Les Matins Jazz

du lundi au vendredi, de 6h à 9h30
Laure Albernhe, Mathieu Beaudou et Marine Gibert
Lundi 27 février 2023 | 06:00 - 09:30

La brouille à Copenhague entre Dexter Gordon et son aîné Ben Webster

Aujourd'hui, on se souvient du saxophoniste Dexter Gordon, né le 27 février 1923 à Los Angeles, mais qui n’a pas vécu toute sa vie aux Etats-Unis. Au début des années 60, il était venu s’installer en Europe, d’abord à Paris, puis au Danemark.

Et c’est là que nous nous trouvons, ce matin. 

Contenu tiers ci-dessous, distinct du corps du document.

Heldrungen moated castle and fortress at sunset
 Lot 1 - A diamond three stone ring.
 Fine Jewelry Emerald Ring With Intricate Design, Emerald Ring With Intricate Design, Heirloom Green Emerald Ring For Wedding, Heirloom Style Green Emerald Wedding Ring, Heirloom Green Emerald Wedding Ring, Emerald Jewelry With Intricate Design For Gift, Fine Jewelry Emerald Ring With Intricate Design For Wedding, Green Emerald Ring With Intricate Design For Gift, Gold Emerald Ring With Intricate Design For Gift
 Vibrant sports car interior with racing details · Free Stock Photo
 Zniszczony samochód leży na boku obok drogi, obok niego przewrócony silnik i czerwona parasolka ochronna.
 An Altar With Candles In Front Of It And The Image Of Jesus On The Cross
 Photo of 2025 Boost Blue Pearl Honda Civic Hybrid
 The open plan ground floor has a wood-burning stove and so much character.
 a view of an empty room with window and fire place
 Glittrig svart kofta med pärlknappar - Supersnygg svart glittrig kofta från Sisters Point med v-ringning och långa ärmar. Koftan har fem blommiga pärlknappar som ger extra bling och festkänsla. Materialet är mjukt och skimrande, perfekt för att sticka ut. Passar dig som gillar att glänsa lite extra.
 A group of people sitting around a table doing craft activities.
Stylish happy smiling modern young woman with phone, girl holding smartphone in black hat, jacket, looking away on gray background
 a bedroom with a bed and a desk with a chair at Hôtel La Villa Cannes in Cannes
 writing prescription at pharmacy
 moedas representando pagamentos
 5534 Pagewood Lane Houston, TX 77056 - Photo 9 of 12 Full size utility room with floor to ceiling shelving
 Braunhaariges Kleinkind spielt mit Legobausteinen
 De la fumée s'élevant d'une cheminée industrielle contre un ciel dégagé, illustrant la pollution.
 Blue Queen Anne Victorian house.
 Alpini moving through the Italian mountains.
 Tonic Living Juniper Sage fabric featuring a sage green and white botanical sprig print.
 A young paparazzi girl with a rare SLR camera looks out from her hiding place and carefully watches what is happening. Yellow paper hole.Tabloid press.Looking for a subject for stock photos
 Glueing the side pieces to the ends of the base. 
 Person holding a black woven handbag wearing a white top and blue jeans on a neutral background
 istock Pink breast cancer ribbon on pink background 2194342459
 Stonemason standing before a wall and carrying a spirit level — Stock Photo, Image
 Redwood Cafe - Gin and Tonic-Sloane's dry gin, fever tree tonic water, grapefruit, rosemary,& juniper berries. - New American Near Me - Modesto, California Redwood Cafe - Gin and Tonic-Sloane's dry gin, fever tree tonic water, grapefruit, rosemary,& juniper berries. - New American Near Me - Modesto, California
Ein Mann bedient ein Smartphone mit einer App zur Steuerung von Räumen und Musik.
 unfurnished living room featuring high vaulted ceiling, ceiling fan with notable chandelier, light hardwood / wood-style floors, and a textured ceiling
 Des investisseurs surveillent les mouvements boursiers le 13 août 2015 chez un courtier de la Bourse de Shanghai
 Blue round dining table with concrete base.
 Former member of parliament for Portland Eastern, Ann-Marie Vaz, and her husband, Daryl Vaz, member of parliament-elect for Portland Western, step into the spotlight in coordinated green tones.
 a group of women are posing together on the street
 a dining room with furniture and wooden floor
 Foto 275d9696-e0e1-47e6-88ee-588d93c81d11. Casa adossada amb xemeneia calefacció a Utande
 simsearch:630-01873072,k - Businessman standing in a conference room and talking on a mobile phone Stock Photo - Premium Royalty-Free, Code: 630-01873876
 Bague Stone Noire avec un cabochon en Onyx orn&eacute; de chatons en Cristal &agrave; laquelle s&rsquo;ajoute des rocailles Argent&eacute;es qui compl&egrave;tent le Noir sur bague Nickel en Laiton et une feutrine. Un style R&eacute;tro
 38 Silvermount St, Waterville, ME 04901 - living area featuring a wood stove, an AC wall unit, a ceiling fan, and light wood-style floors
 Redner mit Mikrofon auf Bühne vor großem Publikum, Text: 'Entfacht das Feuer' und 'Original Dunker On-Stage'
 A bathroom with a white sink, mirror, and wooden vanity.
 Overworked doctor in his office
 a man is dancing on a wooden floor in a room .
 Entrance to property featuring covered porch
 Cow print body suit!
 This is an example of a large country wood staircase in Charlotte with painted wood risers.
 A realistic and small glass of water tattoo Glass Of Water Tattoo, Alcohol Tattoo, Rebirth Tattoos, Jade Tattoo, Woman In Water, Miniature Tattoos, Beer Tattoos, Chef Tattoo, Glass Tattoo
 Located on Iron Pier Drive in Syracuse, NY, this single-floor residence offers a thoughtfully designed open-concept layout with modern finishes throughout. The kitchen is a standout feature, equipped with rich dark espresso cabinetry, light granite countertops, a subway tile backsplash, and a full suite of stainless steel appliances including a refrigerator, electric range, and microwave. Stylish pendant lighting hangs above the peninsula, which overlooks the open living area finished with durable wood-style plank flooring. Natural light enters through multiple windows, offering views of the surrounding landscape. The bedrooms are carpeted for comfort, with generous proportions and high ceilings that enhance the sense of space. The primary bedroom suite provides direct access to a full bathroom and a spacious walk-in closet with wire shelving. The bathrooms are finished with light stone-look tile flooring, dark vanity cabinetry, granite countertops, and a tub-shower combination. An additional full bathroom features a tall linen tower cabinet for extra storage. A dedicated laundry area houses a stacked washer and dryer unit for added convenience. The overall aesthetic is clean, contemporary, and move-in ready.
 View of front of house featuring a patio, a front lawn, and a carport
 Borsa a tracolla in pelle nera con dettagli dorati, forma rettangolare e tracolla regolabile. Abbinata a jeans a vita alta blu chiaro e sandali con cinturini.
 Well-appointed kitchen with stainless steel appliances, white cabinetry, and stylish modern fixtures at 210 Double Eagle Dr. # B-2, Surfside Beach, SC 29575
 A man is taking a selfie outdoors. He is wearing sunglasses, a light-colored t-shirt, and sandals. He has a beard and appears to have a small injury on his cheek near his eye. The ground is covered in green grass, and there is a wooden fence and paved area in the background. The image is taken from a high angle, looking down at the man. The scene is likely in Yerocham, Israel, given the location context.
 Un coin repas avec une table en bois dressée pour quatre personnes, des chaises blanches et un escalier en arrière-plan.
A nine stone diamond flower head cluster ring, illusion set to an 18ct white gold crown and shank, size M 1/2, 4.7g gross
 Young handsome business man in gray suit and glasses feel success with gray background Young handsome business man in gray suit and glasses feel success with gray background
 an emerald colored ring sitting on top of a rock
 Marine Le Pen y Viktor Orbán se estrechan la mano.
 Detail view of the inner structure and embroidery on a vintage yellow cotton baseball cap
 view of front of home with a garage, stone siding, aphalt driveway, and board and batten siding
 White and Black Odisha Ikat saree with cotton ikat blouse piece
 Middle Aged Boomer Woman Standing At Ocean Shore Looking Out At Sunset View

Nous sommes au Club Montmartre, à Copenhague au milieu des années 60. Entre deux de ses sets, son aîné Ben Webster vient lui offrir un briquet en or de chez Cartier. "OK, on oublie ça mais ne recommence jamais!"

La brouille, qui avait duré plusieurs semaines, avait commencé sur scène quand les deux saxophonistes s'étaient livrés à deux approches différentes du standard des standards "Body & Soul". Si Ben Webster l'avait joué dans la tradition, Dexter Gordon l'avait joué "à la manière de John Coltrane", avec une gamme chromatique et des accords différents. C'est d'ailleurs ainsi que, par la suite et jusqu'à la fin de ses jours en 1990, Dex a joué "Body & Soul."

Ben Webster en avait été ulcéré : "Comment oses-tu? C'est pas comme ça qu'on joue ce morceau. Pour qui tu te prends?" En rentrant chez eux à Copenhague, où les deux saxophonistes avaient trouvé un accueil beaucoup plus chaleureux que dans leur Amérique natale, Ben Webster n'avait pas décoléré. La brouille n'a duré que quelques semaines car on n'efface pas le temps d'un chorus une estime réciproque qui dure depuis si longtemps. 

Les deux saxophonistes s'étaient rencontrés à NYC au tout début des années 40, quand le jeune Dexter Gordon était en tournée avec le vibraphoniste Lionel Hampton, dont il avait intégré le groupe à l'âge de 17 ans.

Bien de l'eau a coulé sous les ponts avant qu'ils ne se retrouvent à Copenhague, où Dex avait élu domicile après un séjour à Paris. Là, il avait trouvé la reconnaissance qu'un musicien africain-américain n'arrivait pas à trouver chez lui. Ben Webster, lui, avait d'abord choisi les Pays Bas, mais avait quitté Amsterdam où résidait Don Byas, jugeant qu'il n'y avait pas assez de place dans la ville pour deux légendes du ténor.

A Copenhague, au début des années 60, le public amateur de jazz était prêt à accueillir les deux maîtres, de deux générations et, deux approches du jazz sensiblement différentes. Et si Dexter Gordon a finalement choisi de retourner aux Etats-Unis, où il est mort en 1990, Ben Webster, lui, en a fait sa dernière demeure.

A part ça, dans ces Matins Jazz du lundi, on parle de l'expo photo "Black & White Music" à voir en ce moment au Café de la Danse, ainsi que du nouveau film de Sam Mendès avec Yaël Hirsch, fondatrice en ligne du magazine "Toute la culture".